Shortly after forming my LLC, I spoke with a small business consultant who worked for a non-profit. The most important thing she said to me was this: specialize.
I spent a few weeks thinking about that. My degree wasn’t particularly useful for business consulting. My relevant education is the equivalent of a minor in economics, which doesn’t go far enough, I feel.
I considered web design. I figured I could make some side money helping small local businesses put together their first websites. But two things quickly discouraged me: (1) my own website was/is exceedingly unspectacular, and (2) it turns out that the local businesses in Lynnwood, WA and much of the Greater Seattle Metropolitan Area that don’t have websites are usually owned and operated by East Asian immigrants who do not speak good English and who are notorious for being exceedingly thrifty. But most importantly, I didn’t find web design particularly interesting. But, many people love it, and that gives them a huge advantage.

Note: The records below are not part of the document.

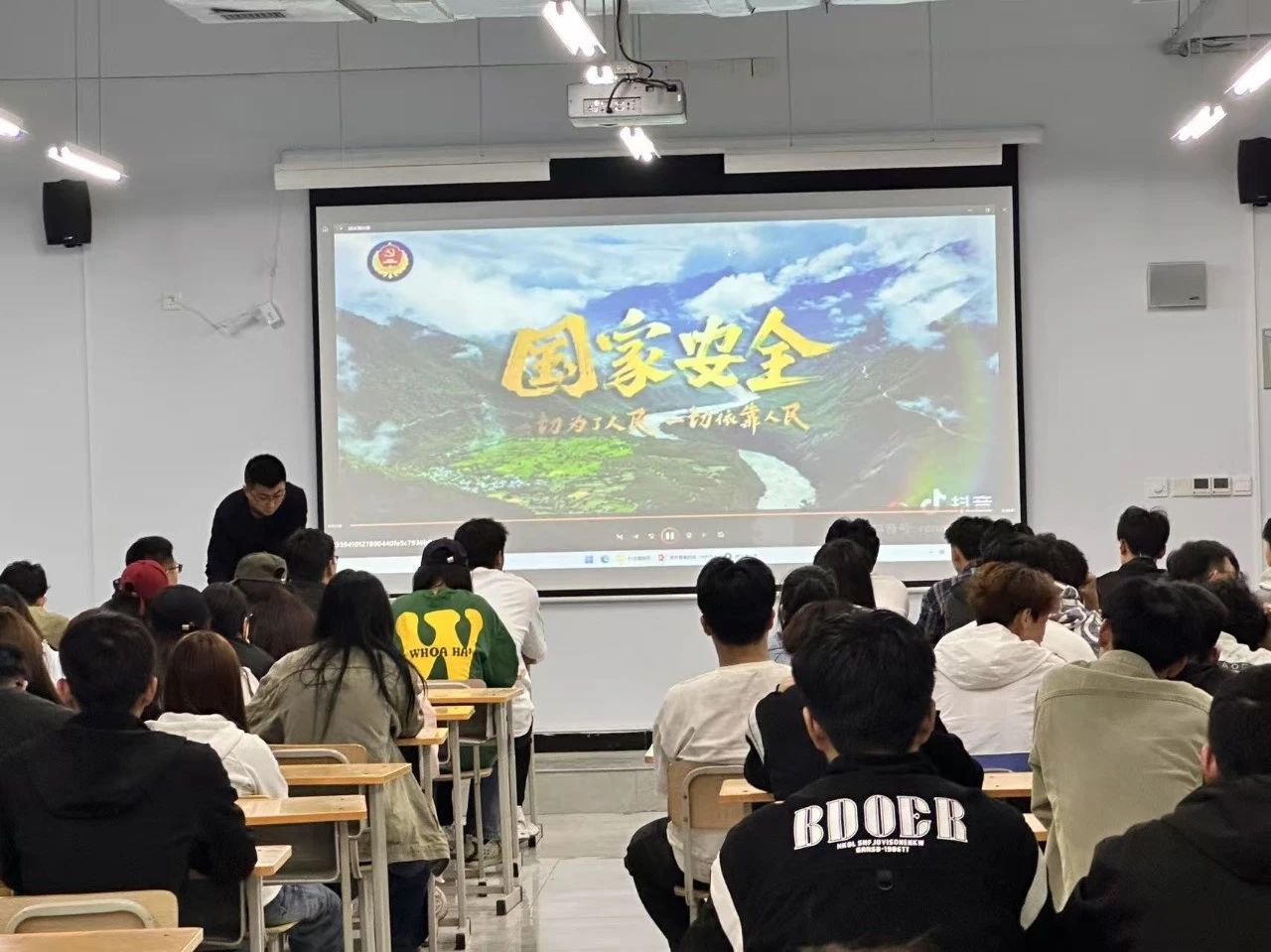 少妇被又大又粗又爽久久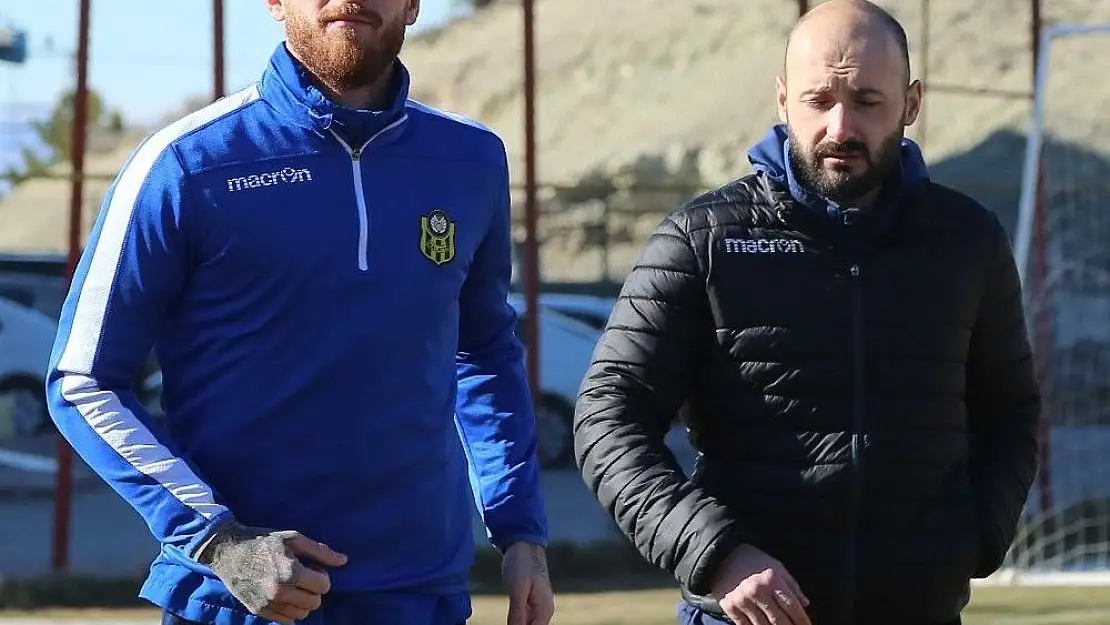 'E.Yeni Malatyaspor´da Ömer Şişmanoğlu şoku'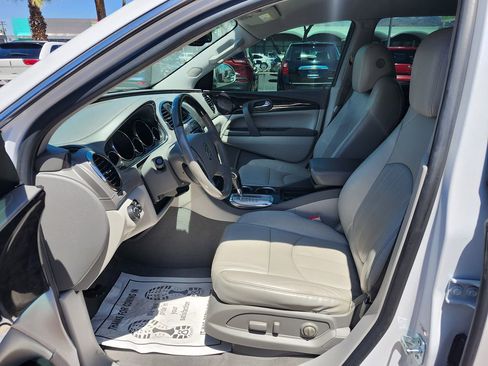 Used 2017 Buick Enclave Leather w/ Trailering Package FWD image 13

Time passed. I thought more.
Meanwhile, I had been practicing photography seriously and actively for over half a year. I had an entry/enthusiast level camera, a Canon 80D with a 50mm 1.8 lens and two 35mm film cameras.
I hadn’t seriously considered making money off of photography. It just seemed like a huge leap. I didn’t have the equipment to do it. Plus, there were so many good photographers out there already with beautiful websites, great cameras, and mad photoshop skills.
I continued onward.
I had a chat with my future self, which probably sounds like an odd thing to do, but I have found it useful to think according to those terms. I had been saving money for my 40th birthday, either for a down payment on a house, a motorcycle, a new car, or whatever else it is he might want. I asked him if I could have some of his money so that I could focus on photography. He said yes because Future-Andy would appreciate having very good photography skills, but I would have to make a sacrifice. And I knew what he meant.

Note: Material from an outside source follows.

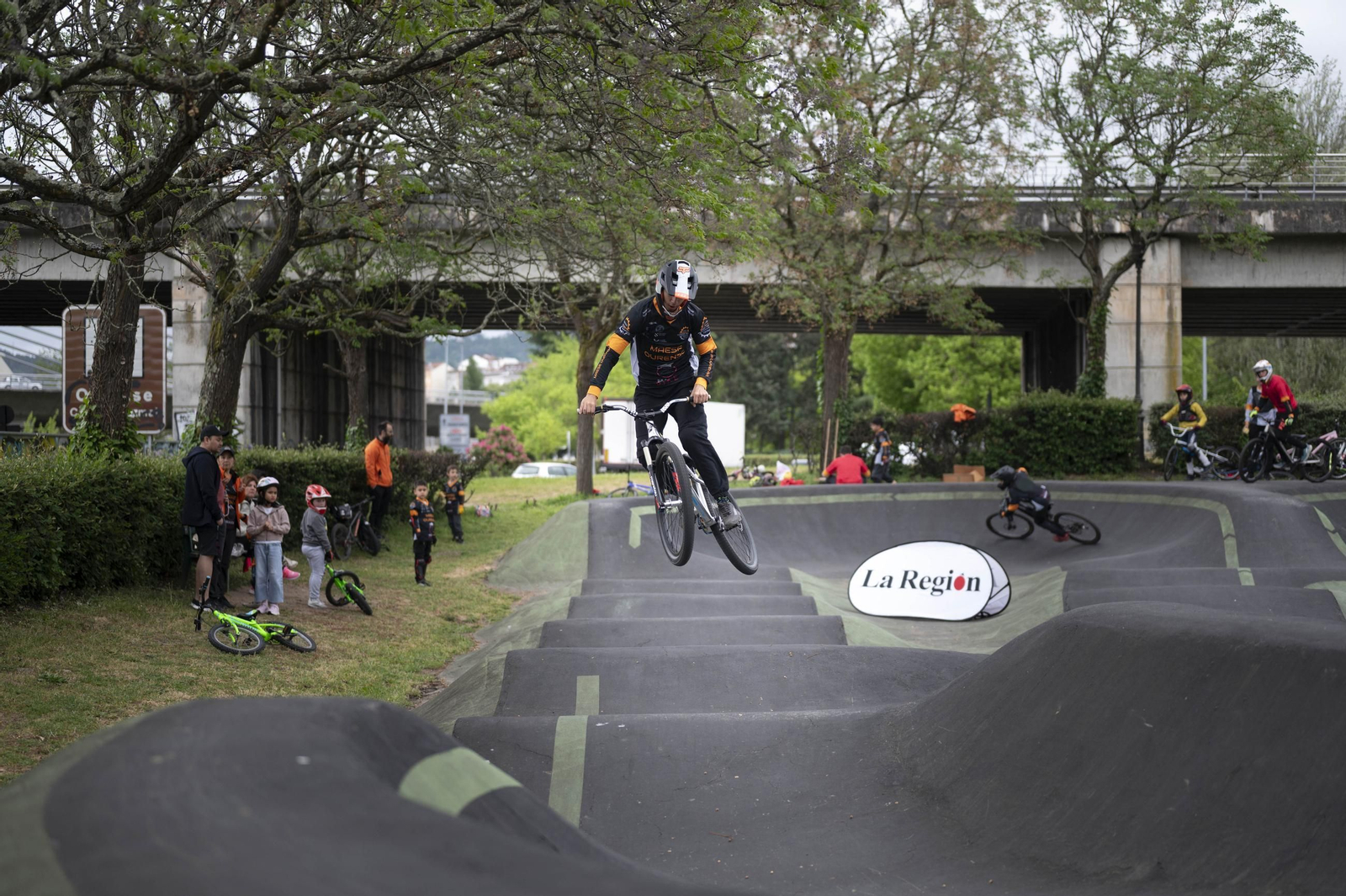 Galería | +Deporte La Región impulsa el pumptrack en Ourense de la mano de Maese Riders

I sold my motorcycle, a 2016 Triumph Bonneville T100, so I could buy a Canon R6 body and a RF 50mm f/1.2 lens. Then, I sold some of Future-Andy’s stocks and dipped into my savings to build a custom computer and a BenQ photo editing monitor, a top tier 15-35mm lens. And then after working putting overtime for a few weeks, I bought my final and favorite lens: Canon’s RF 85mm 1.2 DS, which is arguably the best, full frame portraiture lens on the market right now. I’m glad I snagged it up when I did because it was on back order for a while, and Canon has decided to raise their prices on all of their lenses because (1) inflation is rather high at the moment and (2) they can’t keep up with demand, which isn’t bad—for me.
I think the only thing that I’m missing at this point is lighting, which isn’t totally necessary, albeit quite useful. There are plenty of photographers who rely on natural light alone.
When I worked for Amazon Web Services not too long ago, I remember one of the core values Amazon Corporate instills in their employees: it’s always day one. The idea was sort of the idea of maintaining a beginner’s mind (shoshin) and keeping vigilant, paying attention to customers because they quickly get bored. You’ve got to stay on top of things and keep adapting and growing. I’ve kept this insight. But I put a philosophy twist on it.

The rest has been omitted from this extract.